Task material |
[Start of Attachment]

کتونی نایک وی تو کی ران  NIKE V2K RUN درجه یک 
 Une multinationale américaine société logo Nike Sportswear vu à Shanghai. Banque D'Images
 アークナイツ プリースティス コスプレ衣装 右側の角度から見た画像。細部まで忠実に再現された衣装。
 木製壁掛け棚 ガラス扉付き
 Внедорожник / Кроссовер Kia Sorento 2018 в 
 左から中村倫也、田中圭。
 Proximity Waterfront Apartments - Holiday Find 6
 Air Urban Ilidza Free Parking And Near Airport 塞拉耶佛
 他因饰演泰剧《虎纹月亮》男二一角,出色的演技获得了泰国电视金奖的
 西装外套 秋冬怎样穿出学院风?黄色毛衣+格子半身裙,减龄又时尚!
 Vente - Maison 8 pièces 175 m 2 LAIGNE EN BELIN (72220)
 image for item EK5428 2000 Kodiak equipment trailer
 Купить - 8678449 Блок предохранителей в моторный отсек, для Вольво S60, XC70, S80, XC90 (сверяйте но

[End of Attachment]

Your task | Could you repeat exactly the lines in the listing above from the one with "Внедорожник / Кроссовер Kia Sorento 2018 в" down to the one with "西装外套 秋冬怎样穿出学院风?黄色毛衣+格子半身裙,减龄又时尚!"? Include both of those lines.

Solution to this problem |
 Внедорожник / Кроссовер Kia Sorento 2018 в 
 左から中村倫也、田中圭。
 Proximity Waterfront Apartments - Holiday Find 6
 Air Urban Ilidza Free Parking And Near Airport 塞拉耶佛
 他因饰演泰剧《虎纹月亮》男二一角,出色的演技获得了泰国电视金奖的
 西装外套 秋冬怎样穿出学院风?黄色毛衣+格子半身裙,减龄又时尚!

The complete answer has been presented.